By manipulating the genetic structure of a mouse, they are able to create a long-distance runner who has not had a single day of training. What’s more, when they activated PPAR-delta in obese mice, they had additional startling results:

And this is also an obese mouse. Eats the same amount of food, basically gets the same amount of exercise as his littermate here, but this one has its PPAR-delta metabolism revved up. Now, it’s not normal weight, but it does show you that revving up metabolism in the muscle can cause increased burning of the adipose — the energy stored in the adipose tissue and lower the weight of this animal about 30%— a very substantial weight. And so this is a genetically thin mouse. Even without getting exercise, it’s getting a benefit from the training.

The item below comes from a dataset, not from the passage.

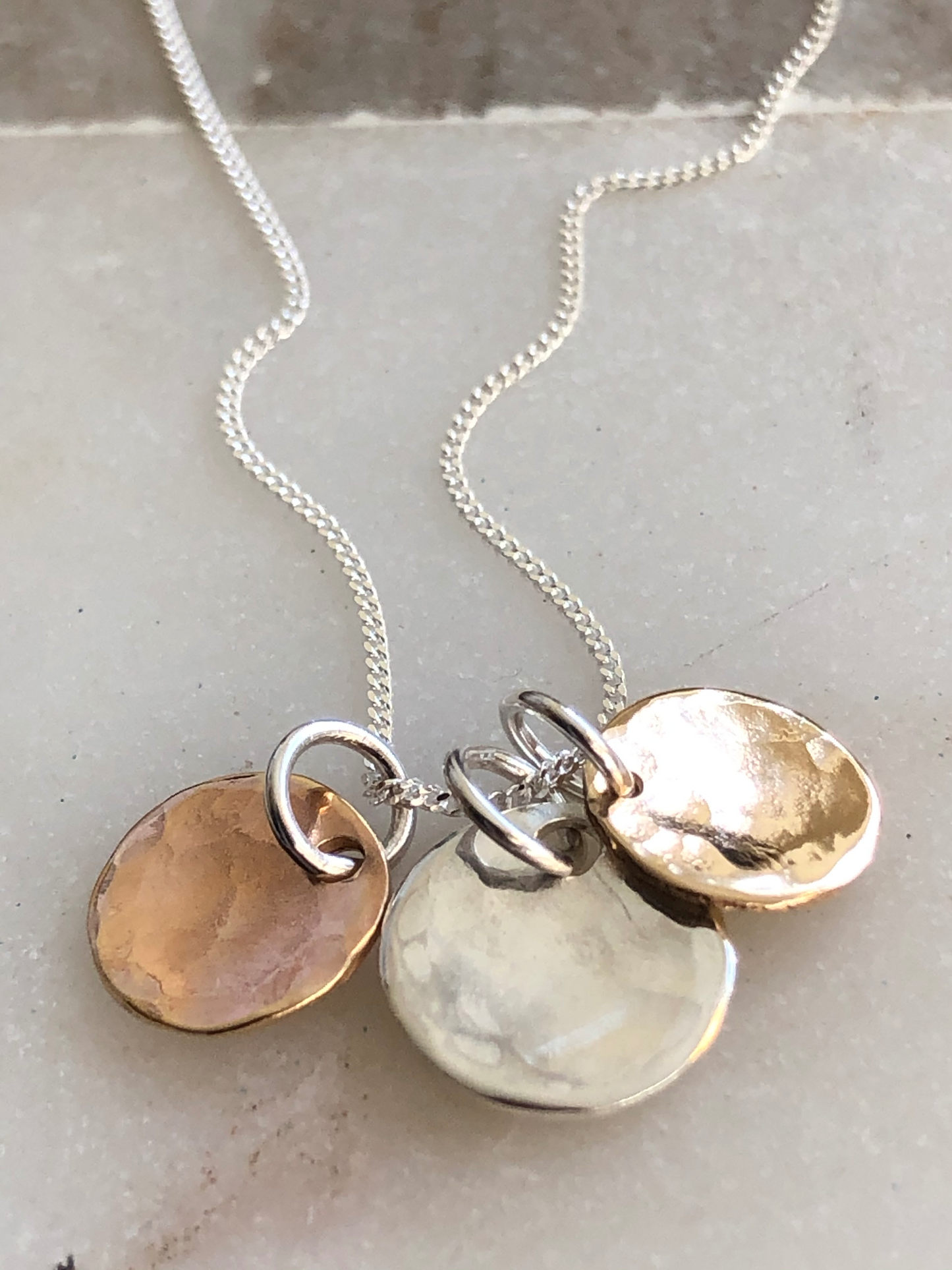 'Trio' shimmer necklace.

And in this lies our lesson: How your body responds to leptin, how your PPAR-gamma receptors respond, are genetically-influenced, yet can be turned on and off by a series of drugs. We are more and more coming to accept that obesity is hard-wired in many of us.

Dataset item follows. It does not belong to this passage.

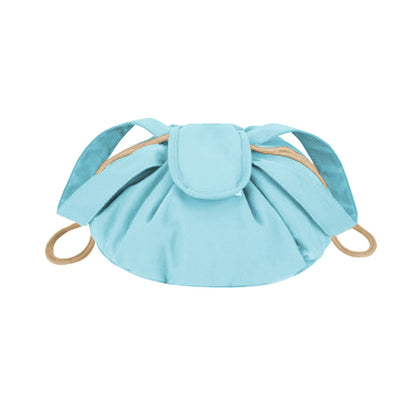 Travel Barrel Drawstring Makeup Bag Cosmetic Bag Toiletry Organizer Blue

What we rarely consider, however, is that those people we know who are in perfect health, who run every day, who have high endurance and strength, may also be influenced by genetics. If the genetic influence on PPAR-gamma can nudge some people toward obesity, why couldn’t we say the same for PPAR-delta.

We tend to think of people who are physically strong as being self-controlled, driven and somehow responsible for the entirety of their accomplishments. But without their genetic endowment, without a high-functioning PPAR-delta receptor, would the average triathlete by capable of those same accomplishments? If their bodies weren’t already primed to be highly efficient energy-burning machines, would they have been motivated to push themselves further and harder? How much of their accomplishments would be possible without the evolutionary head-start they may receive from an efficient PPAR-delta system?

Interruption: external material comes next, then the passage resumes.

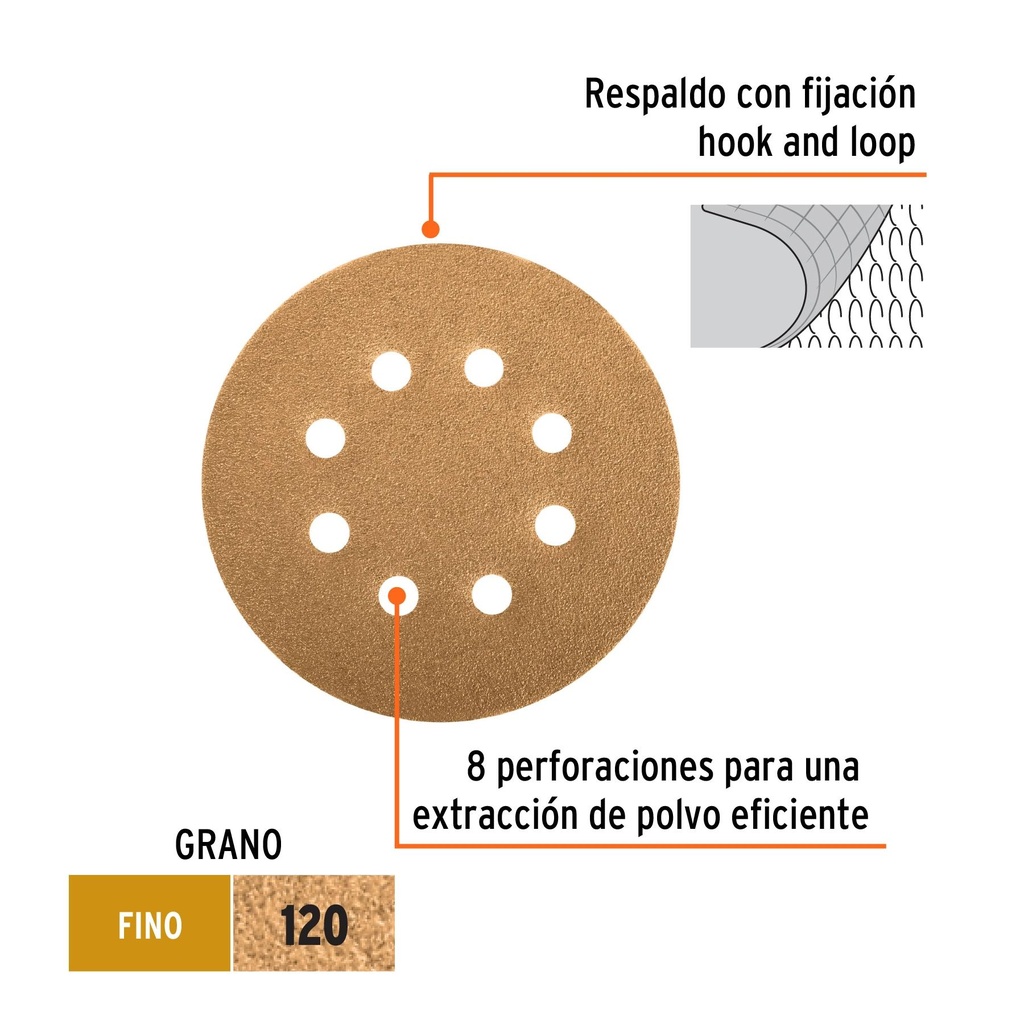 Caja con 5 discos de lija 5' grano 120 lijadora roto-orbital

These are questions we cannot ignore. They form part of our limited understanding of how the human body processes energy and how those processes impact our physical being. We remind people of the strong genetic influence on weight so they will not allow social messages to cause us to question our worth. Maybe we need to remind people of the strong genetic influence on muscle so they will not allow social messages to cause them to overvalue their worth.